Ouparach of Cambodia
- Reign: 1618–1627
- King: Chey Chettha II

Ouprayorach of Cambodia
- Reign: 1627–1642
- King: Thommo Reachea II Ang Tong Reachea Batom Reachea
- Born: 1577
- Died: 5 January 1642 (aged 64–65)
- Issue: Batom Reachea Barom Reachea V

Names
- Brhat Buddhananatha Samdach Brhat Paramaraja Maha Upayuvaraja Brhat Dharmaya Amachas
- Father: Srei Soriyopear
- Mother: Sri Sujati

= Outey =

Outey (1577 – 5 January 1642) was a Cambodian prince who served as the regent from 1627 to 1642.

Outey was the youngest son of King Soriyopear. He was appointed the ouparach (heir apparent or viceroy) in 1618. He was appointed the regent after Chey Chettha II's death, assuming the title uprayorach (ឧភយោរាជ), the title usually borne by kings who had abdicated but retained executive powers.
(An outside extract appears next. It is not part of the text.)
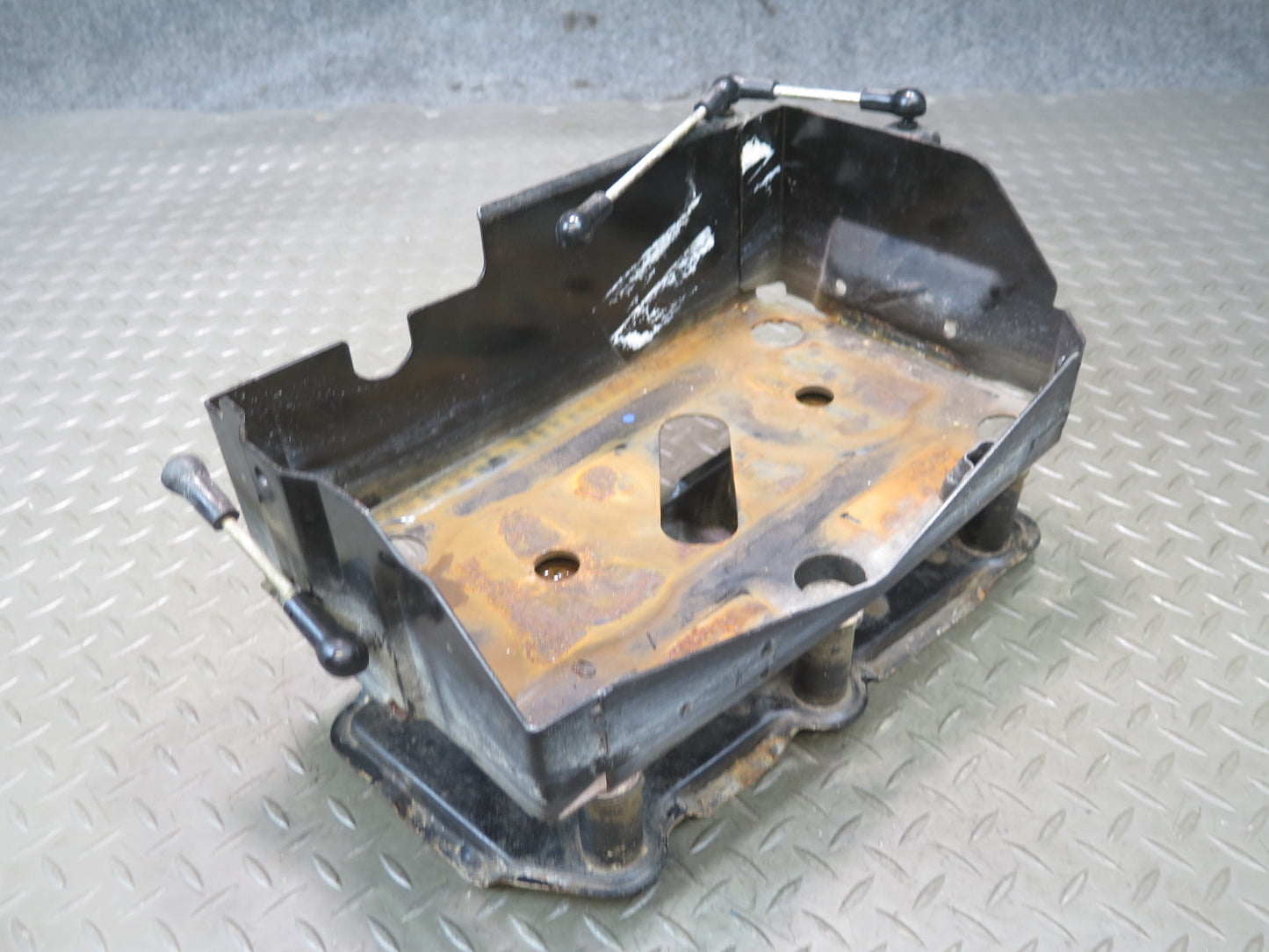 01-06 BMW E46 330ci Convertible Battery Tray Vibration Absorber Bracket Assy OEM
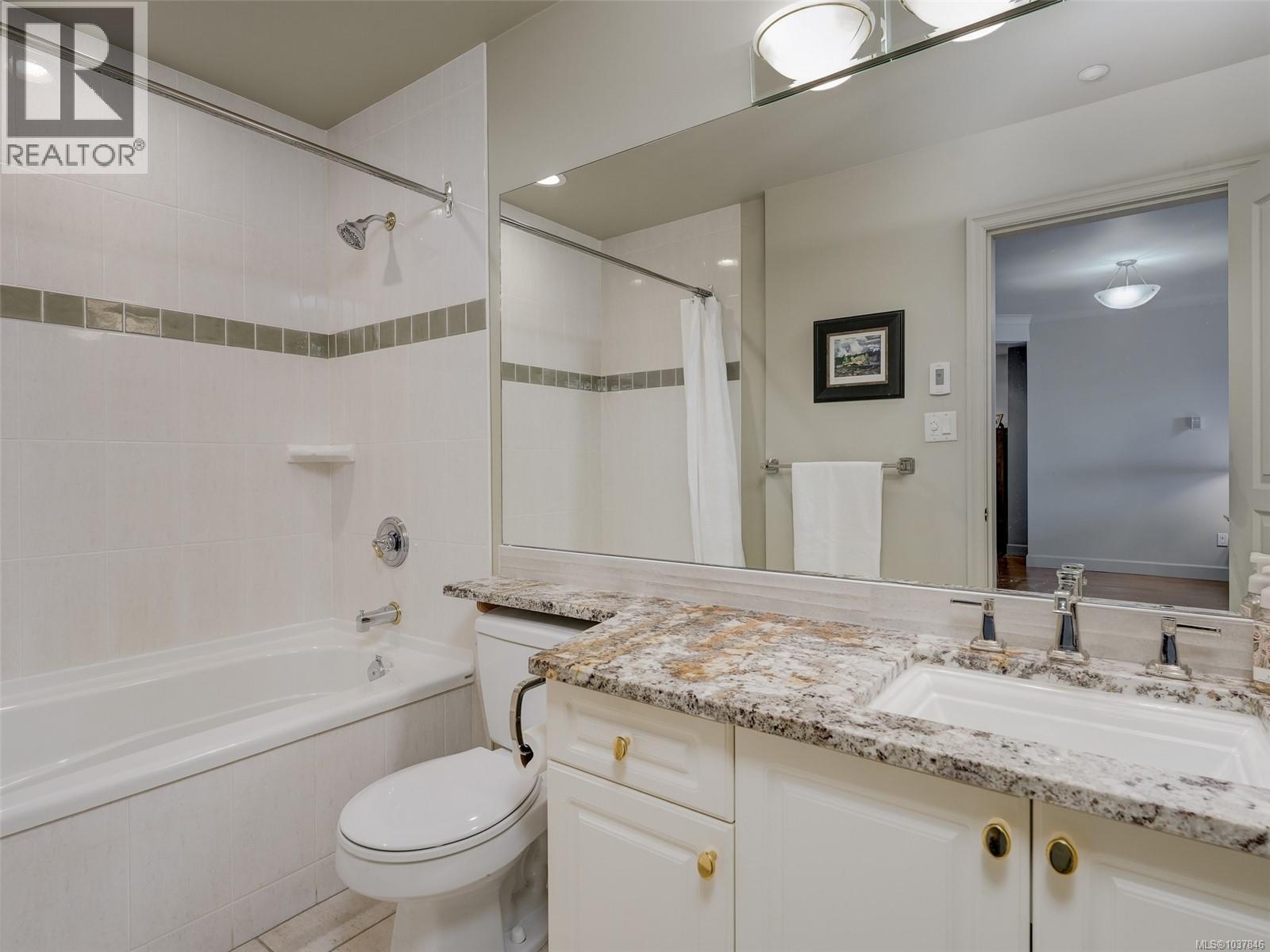 #414 21 Dallas Rd - 21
Outey married Princess Ang Vathi, who was the former fiancée of king Thommo Reachea II (Ponhea To). The dissatisfied king rebelled against him but was defeated and executed together with Ang Vathi in 1631. Ang Tong Reachea (Ponhea Nou) was crowned the new king. Ang Tong Reachea died in mysterious circumstances in June 1640. Although Ponhea Chan should be the next king, Outey forced Chan to give the crown to his son Batom Reachea.

With the help of Cham and Malay mercenaries, Chan assassinated Outey on 5 January 1642. In the same time Batom Reachea was away on a hunting trip. Chan captured him and had him executed in Oudong.